DCI.

Publié le 12 Octobre 2014

Ce qu’il me faudrait, à présent, c’est regarder Rouen avec des yeux comme neufs. Échapper à la ville conventionnelle, celle que je raconte et que je hante au jour le jour. Oui, j’aimerais retrouver cette ville que je vais bientôt quitter. La retrouver en la découvrant. Me dire : je ne connaissais pas cette façade, ce magasin, cette encoignure. Les avais-je oubliés ? Sont-elles là depuis hier ? Quelle est cette ville ?

Impossible, n’est-ce pas. Ces volets là-haut, cet arrangement de fenêtres à l’étage, je les connais trop. Depuis des lustres. Cet unique horizon, ce coin de ciel, cet angle de ville. Aller devant soi, prendre n’importe quelle direction, se laisser conduire par les lieux. Découvrir la rue Ganterie, la rue Rollon, la rue Cauchoise. Avoir l’air d’un Chinois qui déambule, appareil photo et ombrelle en bandoulière.
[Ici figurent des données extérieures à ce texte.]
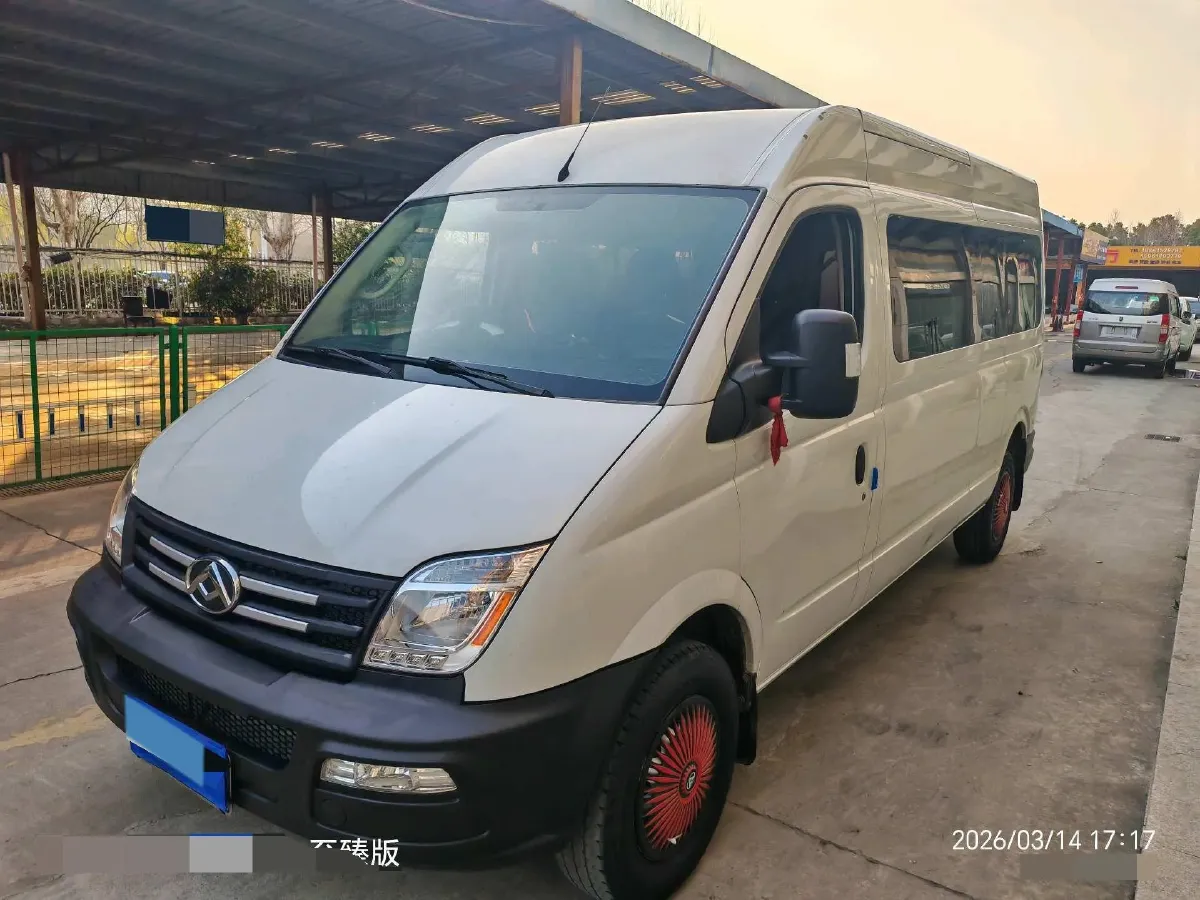 2018 MAXUS XinTu V80 2.5T 136HP L4 6MT,autocango,china used car exporter,china ev exporter,chinese used car exporter,chinese used ev exporter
Les Chinois longent-ils la rue Orbe ? S’ils le faisaient, ils verraient dans sa première partie (celle qui n’est que Bourg l’Abbé) que les travaux ont repris autour de la Chapelle du Lycée. Ces dernières semaines, les marteaux-piqueurs se sont attaqués à l’escalier. Le voilà bas. On suppose qu’on va nous faire un joli perron ou quelque chose d’approchant. Dame, il faut que les mélomanes en fauteuils roulants auditionnent.

Ce qui se passe ici, je m’en fiche. Je n’y mettrai pas les pieds. Mon chinois non plus. J’ai, ce samedi, remonté la rue des Minimes. Que de souvenirs ici, dans une certaine maison. La rue Caron existe toujours, son impasse aussi. Et que dire de la rue de la Roche ! Mon Chinois n’en revenait pas. C’est comme le vieux Pékin répétait-il. Les Chinois exagèrent toujours. Certes ce quartier a son charme, mais nous sommes loin de la rue du Mandarin merveilleux.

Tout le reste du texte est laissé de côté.